The next day the troops filed down from the mountains. Upon confronting such a large party of Indians, the commander of the outnumbered dragoons formed his men boot-to-boot in a skirmish line. Even from this distance, we could see the troops held four mounted prisoners.
“I pray he is dead,” Cut muttered in a voice meant for my ears only. He glanced at the warriors, who formed their own skirmish line. “I don’t know if I can control them if he isn’t.”
“Do you want me to go meet them?”
“No. I want you to go with me.” He beckoned Bear Paw and Lone Eagle forward. I followed the three warriors down the slope. The line of troops halted and sat waiting. To my horror, the officer in charge was Captain Smith.

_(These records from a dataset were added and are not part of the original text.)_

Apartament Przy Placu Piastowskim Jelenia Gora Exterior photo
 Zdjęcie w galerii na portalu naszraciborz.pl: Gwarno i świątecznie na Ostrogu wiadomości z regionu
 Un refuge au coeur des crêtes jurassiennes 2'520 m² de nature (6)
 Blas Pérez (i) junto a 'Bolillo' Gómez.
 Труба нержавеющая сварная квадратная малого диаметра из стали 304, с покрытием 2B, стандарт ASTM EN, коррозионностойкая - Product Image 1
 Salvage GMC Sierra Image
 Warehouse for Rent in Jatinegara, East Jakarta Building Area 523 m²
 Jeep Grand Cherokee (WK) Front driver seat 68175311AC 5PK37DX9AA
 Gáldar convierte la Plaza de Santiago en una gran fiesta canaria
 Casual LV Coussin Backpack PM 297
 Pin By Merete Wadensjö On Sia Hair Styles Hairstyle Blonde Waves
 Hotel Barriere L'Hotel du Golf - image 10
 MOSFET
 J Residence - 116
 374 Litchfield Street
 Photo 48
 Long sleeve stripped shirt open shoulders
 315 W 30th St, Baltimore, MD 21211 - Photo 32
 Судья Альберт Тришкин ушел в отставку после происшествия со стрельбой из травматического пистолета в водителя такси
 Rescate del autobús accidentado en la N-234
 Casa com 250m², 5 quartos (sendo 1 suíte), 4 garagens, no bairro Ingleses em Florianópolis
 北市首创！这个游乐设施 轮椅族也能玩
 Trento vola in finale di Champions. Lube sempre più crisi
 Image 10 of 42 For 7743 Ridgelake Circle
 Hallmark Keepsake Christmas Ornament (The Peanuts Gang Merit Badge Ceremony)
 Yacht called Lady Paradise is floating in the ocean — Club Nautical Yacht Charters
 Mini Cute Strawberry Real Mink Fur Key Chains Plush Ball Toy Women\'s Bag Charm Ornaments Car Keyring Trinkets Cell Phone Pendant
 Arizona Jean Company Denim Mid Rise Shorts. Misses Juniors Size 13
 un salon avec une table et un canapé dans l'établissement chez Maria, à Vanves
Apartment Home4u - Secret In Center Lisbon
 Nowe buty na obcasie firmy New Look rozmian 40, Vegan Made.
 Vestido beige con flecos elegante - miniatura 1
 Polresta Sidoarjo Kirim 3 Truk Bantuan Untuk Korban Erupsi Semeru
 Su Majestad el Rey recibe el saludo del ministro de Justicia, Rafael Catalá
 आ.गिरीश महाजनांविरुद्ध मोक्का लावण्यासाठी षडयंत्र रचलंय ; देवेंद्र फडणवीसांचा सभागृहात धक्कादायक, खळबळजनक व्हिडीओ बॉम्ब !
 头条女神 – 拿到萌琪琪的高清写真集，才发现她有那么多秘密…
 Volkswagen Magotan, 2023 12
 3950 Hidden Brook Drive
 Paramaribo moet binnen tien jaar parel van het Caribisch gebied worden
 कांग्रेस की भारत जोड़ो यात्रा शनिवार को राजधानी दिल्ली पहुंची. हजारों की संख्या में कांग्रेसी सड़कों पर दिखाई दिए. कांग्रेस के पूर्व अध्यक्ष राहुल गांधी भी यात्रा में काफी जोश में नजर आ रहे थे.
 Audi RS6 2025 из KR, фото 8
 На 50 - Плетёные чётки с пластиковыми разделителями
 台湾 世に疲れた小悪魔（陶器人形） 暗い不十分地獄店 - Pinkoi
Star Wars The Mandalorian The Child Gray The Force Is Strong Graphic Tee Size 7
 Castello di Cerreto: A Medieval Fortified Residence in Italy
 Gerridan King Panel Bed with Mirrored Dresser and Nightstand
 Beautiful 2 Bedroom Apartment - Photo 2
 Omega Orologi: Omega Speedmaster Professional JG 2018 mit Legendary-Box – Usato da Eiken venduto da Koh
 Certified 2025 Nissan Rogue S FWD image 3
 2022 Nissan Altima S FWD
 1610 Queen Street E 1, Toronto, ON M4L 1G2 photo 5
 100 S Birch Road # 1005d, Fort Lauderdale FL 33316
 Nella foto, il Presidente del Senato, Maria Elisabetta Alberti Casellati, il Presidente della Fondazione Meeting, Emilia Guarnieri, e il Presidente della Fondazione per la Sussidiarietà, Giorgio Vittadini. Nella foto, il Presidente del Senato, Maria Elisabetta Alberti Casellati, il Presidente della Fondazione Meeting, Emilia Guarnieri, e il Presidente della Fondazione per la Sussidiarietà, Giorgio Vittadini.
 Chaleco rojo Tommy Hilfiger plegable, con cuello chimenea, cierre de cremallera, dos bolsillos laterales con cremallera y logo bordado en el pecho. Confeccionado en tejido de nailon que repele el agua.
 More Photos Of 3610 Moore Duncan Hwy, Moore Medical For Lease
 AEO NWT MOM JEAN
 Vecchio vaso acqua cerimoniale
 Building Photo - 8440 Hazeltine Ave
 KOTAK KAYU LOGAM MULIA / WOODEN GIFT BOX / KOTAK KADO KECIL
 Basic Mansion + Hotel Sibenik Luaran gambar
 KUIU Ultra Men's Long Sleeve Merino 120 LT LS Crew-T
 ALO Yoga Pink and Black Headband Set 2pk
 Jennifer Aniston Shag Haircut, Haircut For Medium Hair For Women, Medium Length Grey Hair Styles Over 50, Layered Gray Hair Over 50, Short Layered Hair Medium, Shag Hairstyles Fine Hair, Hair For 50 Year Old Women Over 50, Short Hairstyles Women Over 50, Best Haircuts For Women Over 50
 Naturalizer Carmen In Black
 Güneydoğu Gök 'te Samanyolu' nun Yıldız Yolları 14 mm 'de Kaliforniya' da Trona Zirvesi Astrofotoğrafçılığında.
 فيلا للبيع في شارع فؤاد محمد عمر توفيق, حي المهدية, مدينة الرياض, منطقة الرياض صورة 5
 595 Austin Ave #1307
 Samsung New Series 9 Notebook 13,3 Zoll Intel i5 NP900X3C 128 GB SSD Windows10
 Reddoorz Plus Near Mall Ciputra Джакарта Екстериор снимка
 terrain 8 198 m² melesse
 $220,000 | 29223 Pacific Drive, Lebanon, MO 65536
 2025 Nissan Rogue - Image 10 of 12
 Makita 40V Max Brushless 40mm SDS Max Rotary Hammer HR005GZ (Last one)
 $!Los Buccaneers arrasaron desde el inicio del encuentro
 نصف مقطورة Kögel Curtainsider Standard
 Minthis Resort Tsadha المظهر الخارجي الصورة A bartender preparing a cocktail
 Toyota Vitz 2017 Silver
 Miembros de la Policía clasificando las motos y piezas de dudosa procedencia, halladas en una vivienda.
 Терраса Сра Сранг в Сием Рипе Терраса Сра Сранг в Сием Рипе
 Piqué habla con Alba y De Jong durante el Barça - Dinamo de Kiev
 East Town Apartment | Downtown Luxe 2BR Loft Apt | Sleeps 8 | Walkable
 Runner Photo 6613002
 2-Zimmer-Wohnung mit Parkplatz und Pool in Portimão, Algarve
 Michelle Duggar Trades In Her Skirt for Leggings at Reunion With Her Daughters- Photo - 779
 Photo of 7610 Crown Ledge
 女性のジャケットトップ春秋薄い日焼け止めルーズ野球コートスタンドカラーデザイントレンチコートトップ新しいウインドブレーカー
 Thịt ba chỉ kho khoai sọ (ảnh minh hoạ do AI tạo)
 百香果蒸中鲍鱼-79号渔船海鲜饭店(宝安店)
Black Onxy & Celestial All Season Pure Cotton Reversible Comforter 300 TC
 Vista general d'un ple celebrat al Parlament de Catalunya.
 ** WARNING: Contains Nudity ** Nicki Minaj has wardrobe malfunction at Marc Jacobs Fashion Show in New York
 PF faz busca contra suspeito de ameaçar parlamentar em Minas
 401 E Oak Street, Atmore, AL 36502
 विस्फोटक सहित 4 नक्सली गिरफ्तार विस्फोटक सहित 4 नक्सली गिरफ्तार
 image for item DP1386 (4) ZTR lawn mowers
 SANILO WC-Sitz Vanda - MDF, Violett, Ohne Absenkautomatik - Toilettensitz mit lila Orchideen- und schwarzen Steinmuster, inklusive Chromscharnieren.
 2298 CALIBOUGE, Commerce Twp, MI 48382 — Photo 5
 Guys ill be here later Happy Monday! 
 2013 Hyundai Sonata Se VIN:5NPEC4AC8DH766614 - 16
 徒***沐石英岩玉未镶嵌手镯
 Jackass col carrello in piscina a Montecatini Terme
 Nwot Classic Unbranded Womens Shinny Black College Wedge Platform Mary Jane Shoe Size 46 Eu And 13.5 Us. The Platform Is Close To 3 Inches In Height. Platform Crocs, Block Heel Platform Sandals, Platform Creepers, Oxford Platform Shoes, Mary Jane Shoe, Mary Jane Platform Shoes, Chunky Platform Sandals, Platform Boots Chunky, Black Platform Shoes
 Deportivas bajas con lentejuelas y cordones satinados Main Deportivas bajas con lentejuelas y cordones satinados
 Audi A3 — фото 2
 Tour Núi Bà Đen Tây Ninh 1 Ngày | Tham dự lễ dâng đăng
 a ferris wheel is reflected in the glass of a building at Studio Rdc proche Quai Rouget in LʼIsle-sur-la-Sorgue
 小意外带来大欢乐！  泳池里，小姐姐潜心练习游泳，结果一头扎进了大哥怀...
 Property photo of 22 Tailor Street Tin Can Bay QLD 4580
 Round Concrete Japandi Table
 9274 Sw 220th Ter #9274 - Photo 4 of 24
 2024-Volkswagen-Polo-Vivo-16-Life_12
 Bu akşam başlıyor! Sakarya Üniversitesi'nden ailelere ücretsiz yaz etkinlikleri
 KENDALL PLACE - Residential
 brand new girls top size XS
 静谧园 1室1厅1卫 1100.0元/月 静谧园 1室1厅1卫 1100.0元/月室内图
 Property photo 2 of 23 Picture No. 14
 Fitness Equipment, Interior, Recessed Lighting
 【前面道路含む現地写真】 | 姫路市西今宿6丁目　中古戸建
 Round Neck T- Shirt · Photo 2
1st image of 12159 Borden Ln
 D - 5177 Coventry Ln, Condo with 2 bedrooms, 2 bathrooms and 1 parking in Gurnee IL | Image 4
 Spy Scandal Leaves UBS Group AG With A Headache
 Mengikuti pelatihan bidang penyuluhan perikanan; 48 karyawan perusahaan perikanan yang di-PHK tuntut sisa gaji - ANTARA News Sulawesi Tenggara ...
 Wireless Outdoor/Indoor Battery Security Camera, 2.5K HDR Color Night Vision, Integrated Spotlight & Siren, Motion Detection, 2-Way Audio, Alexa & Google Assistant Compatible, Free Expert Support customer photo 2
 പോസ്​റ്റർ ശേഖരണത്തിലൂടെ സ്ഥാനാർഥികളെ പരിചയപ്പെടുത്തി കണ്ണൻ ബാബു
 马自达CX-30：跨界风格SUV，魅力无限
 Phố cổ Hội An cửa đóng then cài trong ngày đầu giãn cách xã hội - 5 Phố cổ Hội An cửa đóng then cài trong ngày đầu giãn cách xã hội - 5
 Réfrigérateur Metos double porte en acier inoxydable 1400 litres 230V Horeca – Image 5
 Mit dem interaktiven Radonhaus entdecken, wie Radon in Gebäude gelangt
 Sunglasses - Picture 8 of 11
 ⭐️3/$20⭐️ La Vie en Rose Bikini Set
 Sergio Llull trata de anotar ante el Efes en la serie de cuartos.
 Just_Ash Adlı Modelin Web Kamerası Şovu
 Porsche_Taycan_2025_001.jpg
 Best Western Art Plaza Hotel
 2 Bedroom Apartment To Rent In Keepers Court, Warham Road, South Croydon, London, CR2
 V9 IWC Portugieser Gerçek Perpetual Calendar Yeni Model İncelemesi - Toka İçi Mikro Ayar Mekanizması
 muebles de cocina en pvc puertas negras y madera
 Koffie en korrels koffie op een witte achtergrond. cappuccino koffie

“Mr. Strobaw,” the officer said with a casual salute. “What is your business here?”
“I am here with the misco of the Yanube. He has come to see the situation for himself since these are his grounds.”
Smith turned in the saddle and gestured to his prisoners. “Are these his, as well? These fellas some of your redskins, Mr. Strobaw? Or his?”
I refused to take umbrage at his tone. “No, they are Sioux, probably Santee pushed from the east.” I pointed with my chin, Indian fashion. “Except for that one. He is a Yanube visiting the Sioux. Buffalo Shoulder is a good man.”
“A good man, eh? Do good men murder innocent white men and women? Two men, two women, and three children. All dead, all crowned.”
“The Yanube do not scalp,” I said quickly.
“No, and they don’t raid settlers, neither,” Smith answered with a sour swipe.
“We need to speak to him.”
Smith paused before giving his permission. But it was not I who nosed his pony to Buffalo Shoulder’s mount. It was his leader, Cut Hand. The captain and I halted a pace or two behind. I stood ready to translate for Smith.